=== Begin Enclosure ===

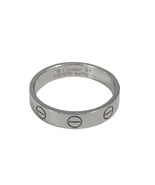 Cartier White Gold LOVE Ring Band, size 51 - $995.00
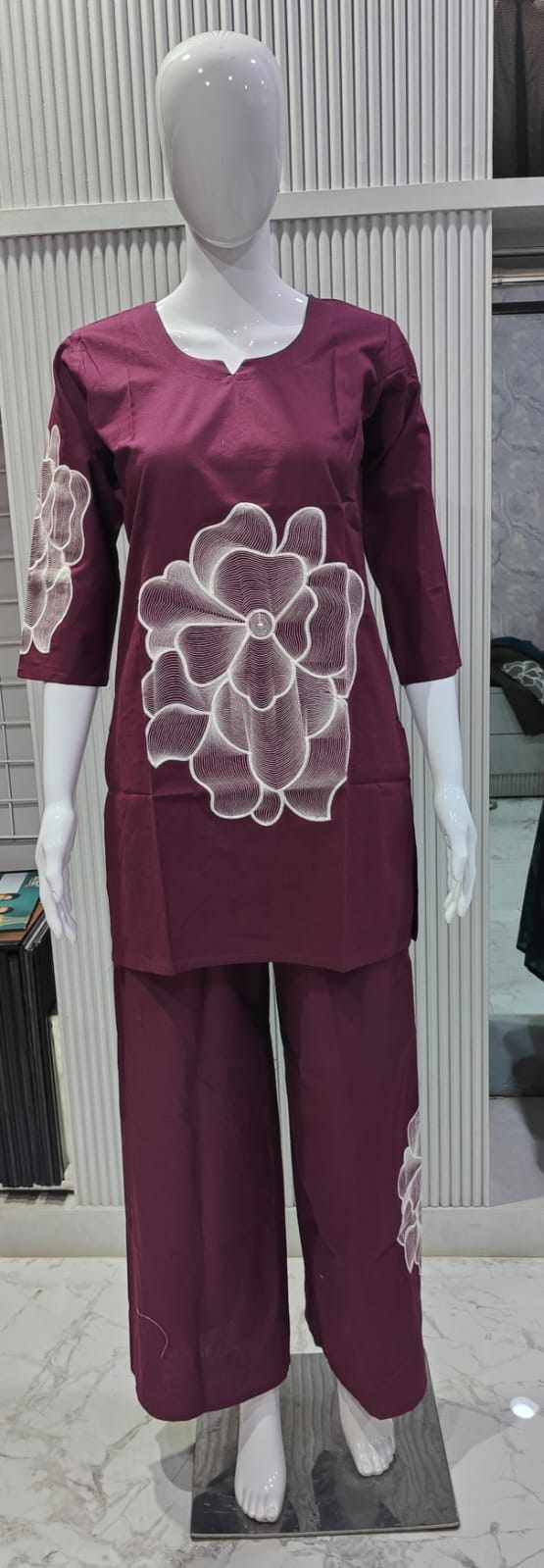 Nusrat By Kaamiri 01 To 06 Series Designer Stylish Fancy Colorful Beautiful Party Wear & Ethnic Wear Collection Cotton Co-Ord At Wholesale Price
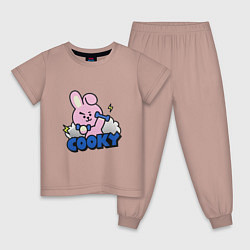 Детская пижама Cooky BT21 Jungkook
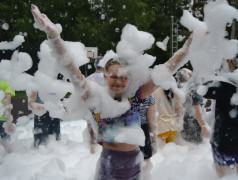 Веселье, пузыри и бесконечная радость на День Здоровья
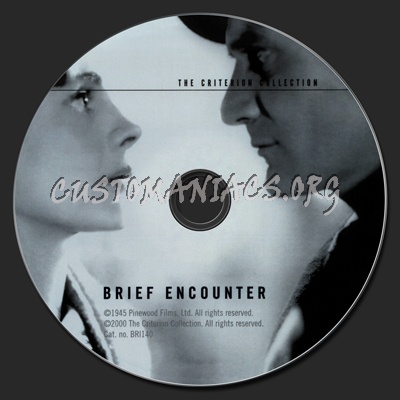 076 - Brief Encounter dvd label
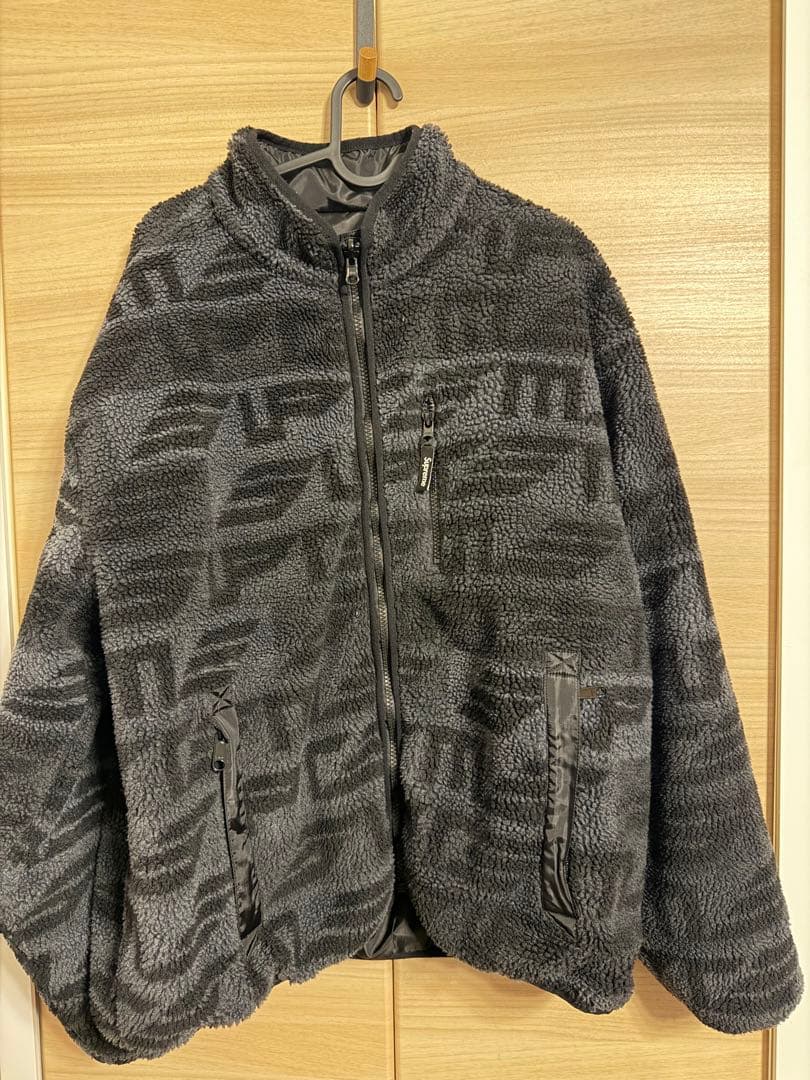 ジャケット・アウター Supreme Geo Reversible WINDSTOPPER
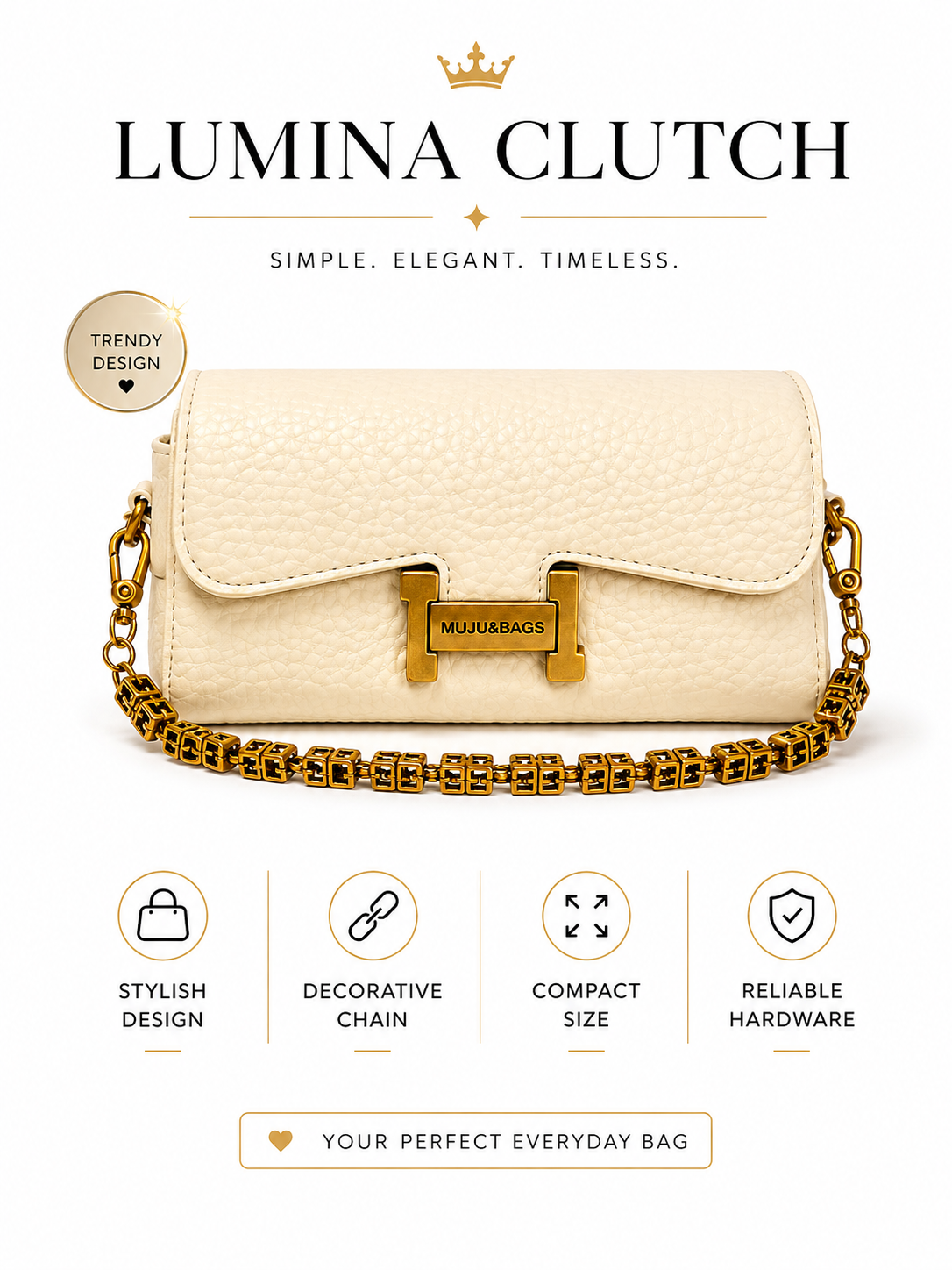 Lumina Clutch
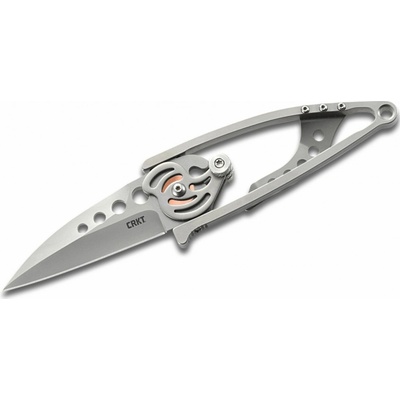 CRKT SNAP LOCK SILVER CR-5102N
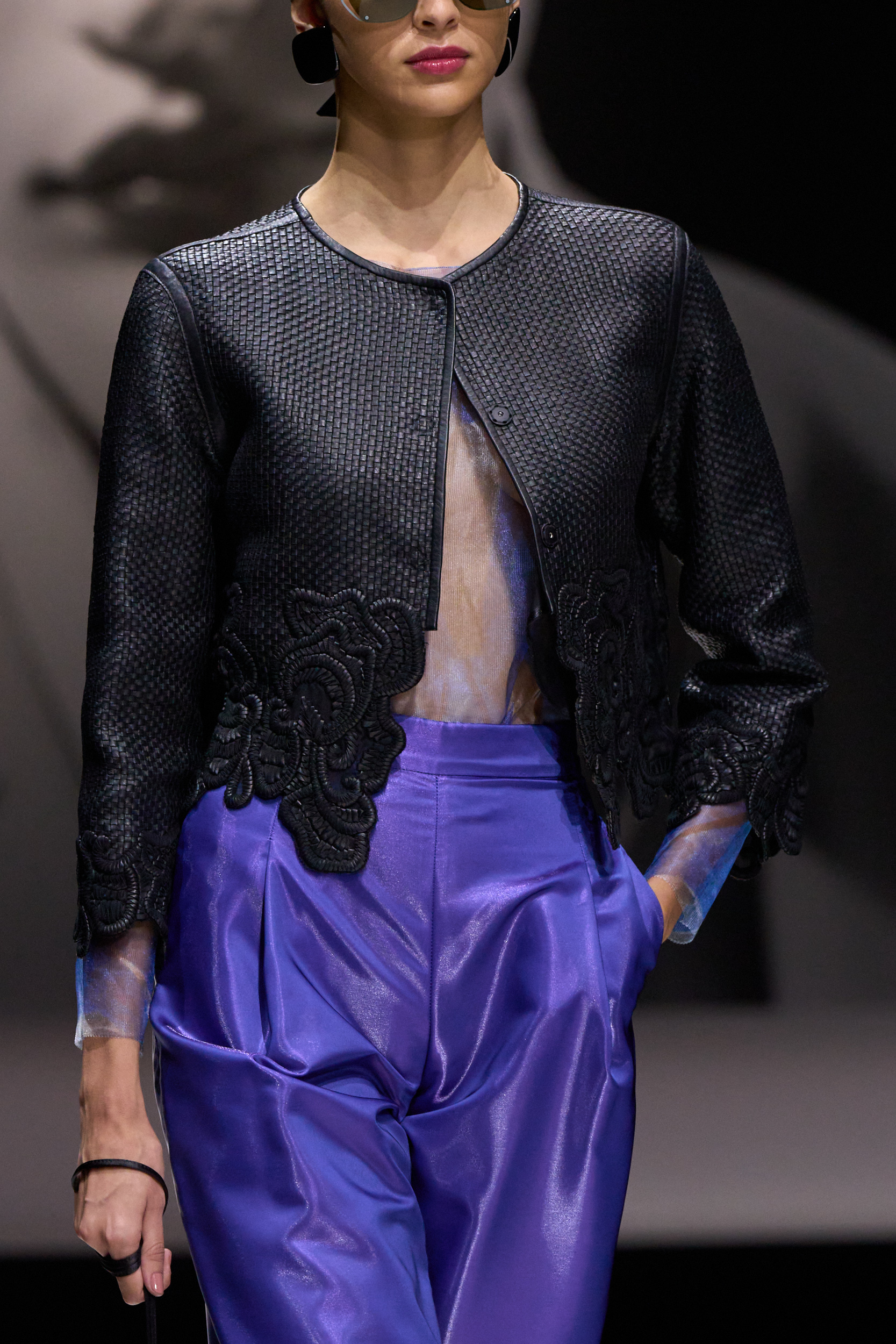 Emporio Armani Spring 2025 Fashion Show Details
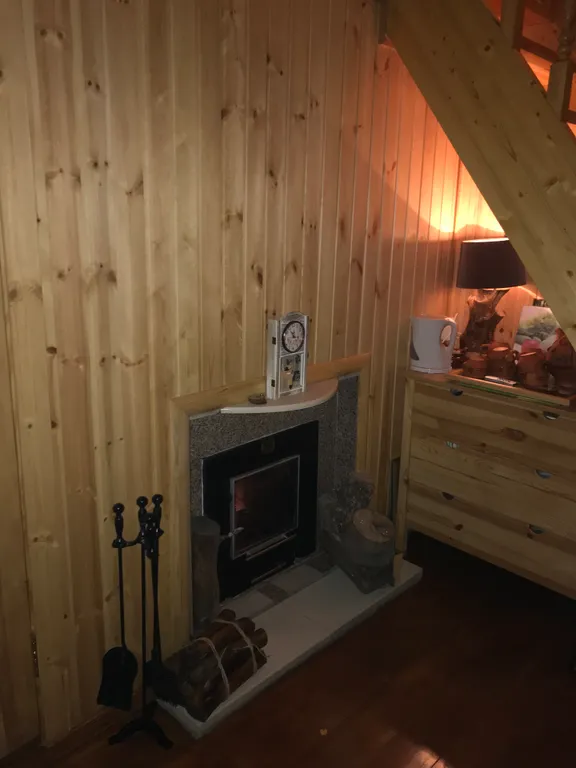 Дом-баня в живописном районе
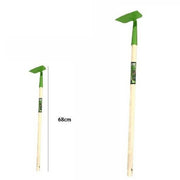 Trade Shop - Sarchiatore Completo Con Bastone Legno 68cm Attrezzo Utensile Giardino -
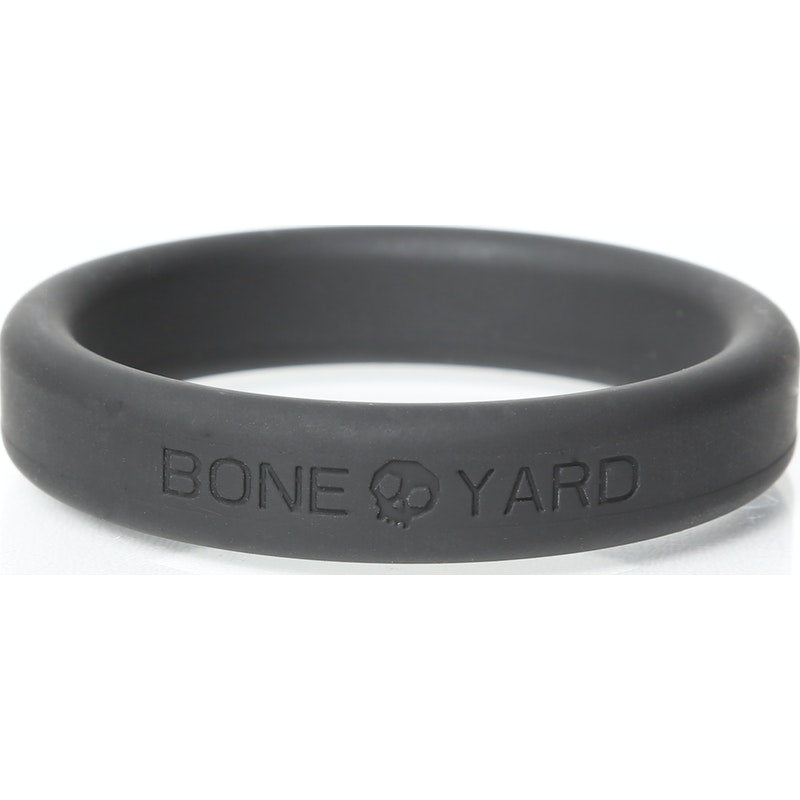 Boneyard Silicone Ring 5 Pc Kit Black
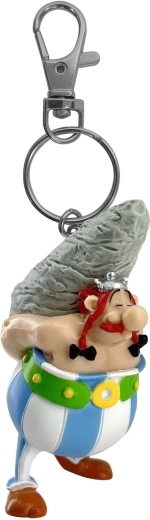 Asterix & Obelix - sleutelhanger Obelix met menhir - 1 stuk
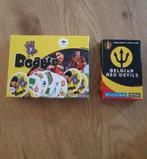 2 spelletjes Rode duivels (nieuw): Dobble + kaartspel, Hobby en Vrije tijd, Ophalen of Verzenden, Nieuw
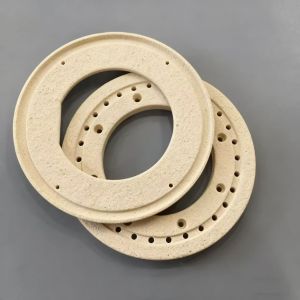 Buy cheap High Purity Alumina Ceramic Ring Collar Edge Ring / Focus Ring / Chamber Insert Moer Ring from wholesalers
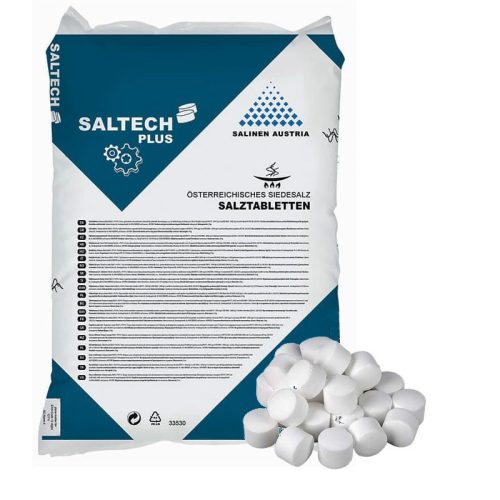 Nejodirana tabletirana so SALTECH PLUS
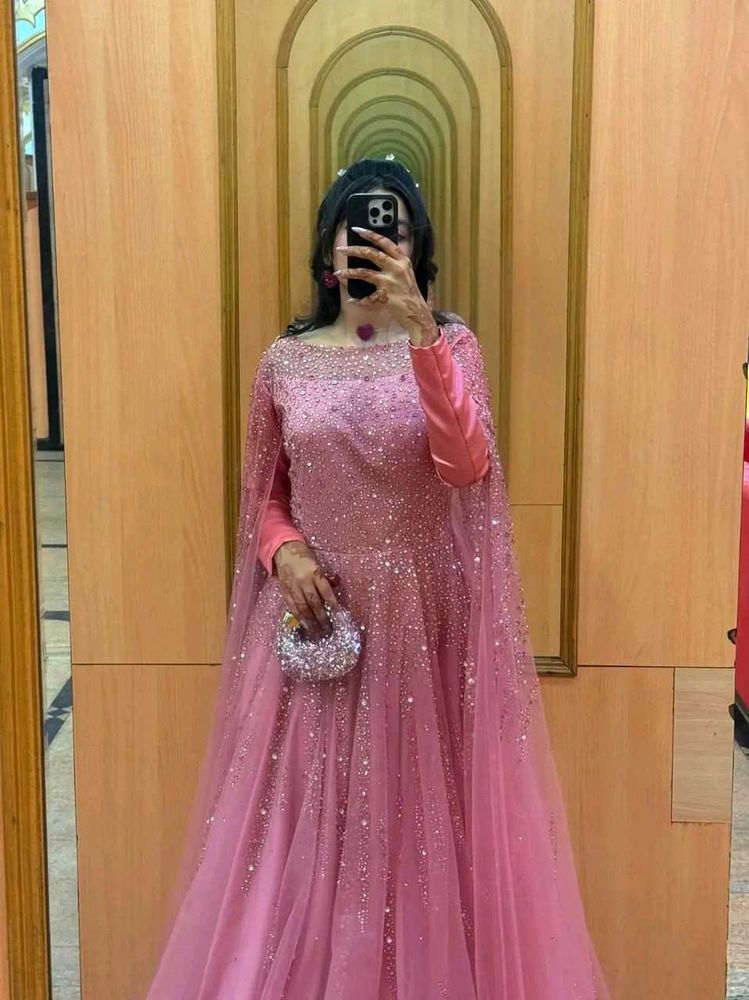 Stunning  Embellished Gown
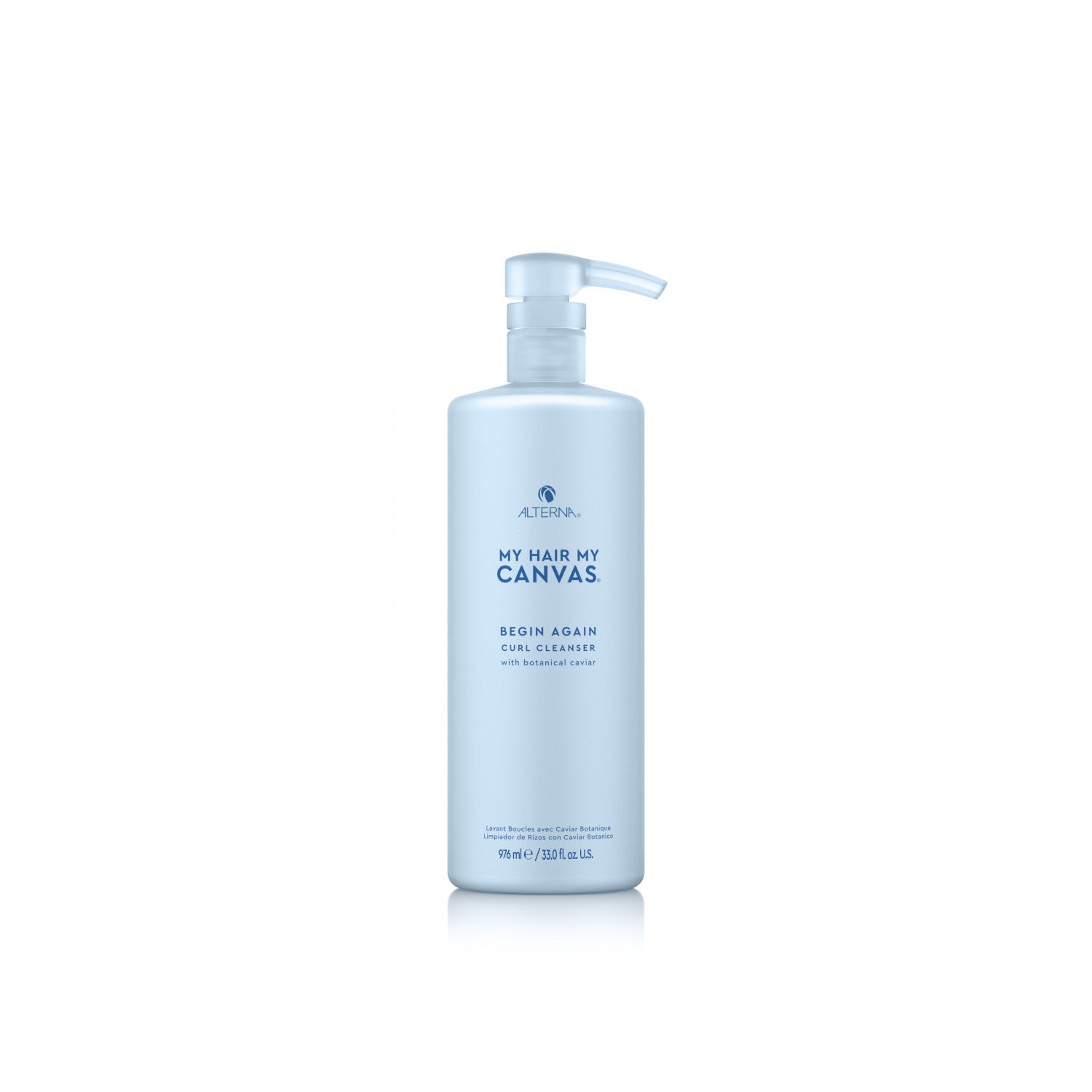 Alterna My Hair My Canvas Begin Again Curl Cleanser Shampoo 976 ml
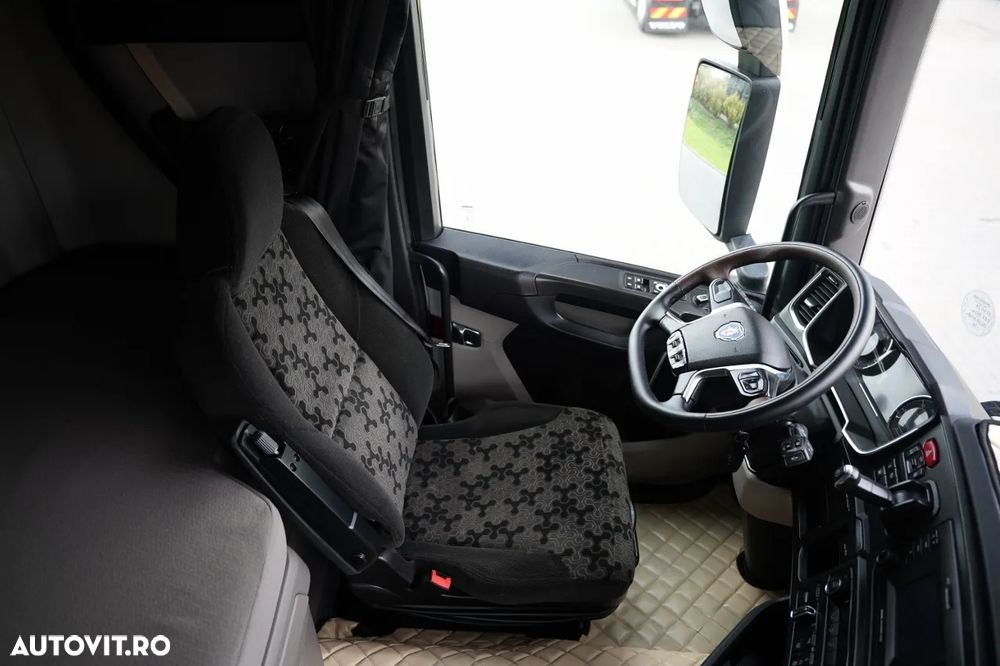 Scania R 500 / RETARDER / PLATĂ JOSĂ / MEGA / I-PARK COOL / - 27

=== End Enclosure ===

DIRECTIONS: Every record must be transcribed faithfully, with no picture carried over.

WRITTEN SOLUTION:
 Cartier White Gold LOVE Ring Band, size 51 - $995.00
 Nusrat By Kaamiri 01 To 06 Series Designer Stylish Fancy Colorful Beautiful Party Wear & Ethnic Wear Collection Cotton Co-Ord At Wholesale Price
 Детская пижама Cooky BT21 Jungkook
 Веселье, пузыри и бесконечная радость на День Здоровья
 076 - Brief Encounter dvd label
 ジャケット・アウター Supreme Geo Reversible WINDSTOPPER
 Lumina Clutch
 CRKT SNAP LOCK SILVER CR-5102N
 Emporio Armani Spring 2025 Fashion Show Details
 Дом-баня в живописном районе
 Trade Shop - Sarchiatore Completo Con Bastone Legno 68cm Attrezzo Utensile Giardino -
 Boneyard Silicone Ring 5 Pc Kit Black
 Asterix & Obelix - sleutelhanger Obelix met menhir - 1 stuk
 2 spelletjes Rode duivels (nieuw): Dobble + kaartspel, Hobby en Vrije tijd, Ophalen of Verzenden, Nieuw
 Buy cheap High Purity Alumina Ceramic Ring Collar Edge Ring / Focus Ring / Chamber Insert Moer Ring from wholesalers
 Nejodirana tabletirana so SALTECH PLUS
 Stunning  Embellished Gown
 Alterna My Hair My Canvas Begin Again Curl Cleanser Shampoo 976 ml
 Scania R 500 / RETARDER / PLATĂ JOSĂ / MEGA / I-PARK COOL / - 27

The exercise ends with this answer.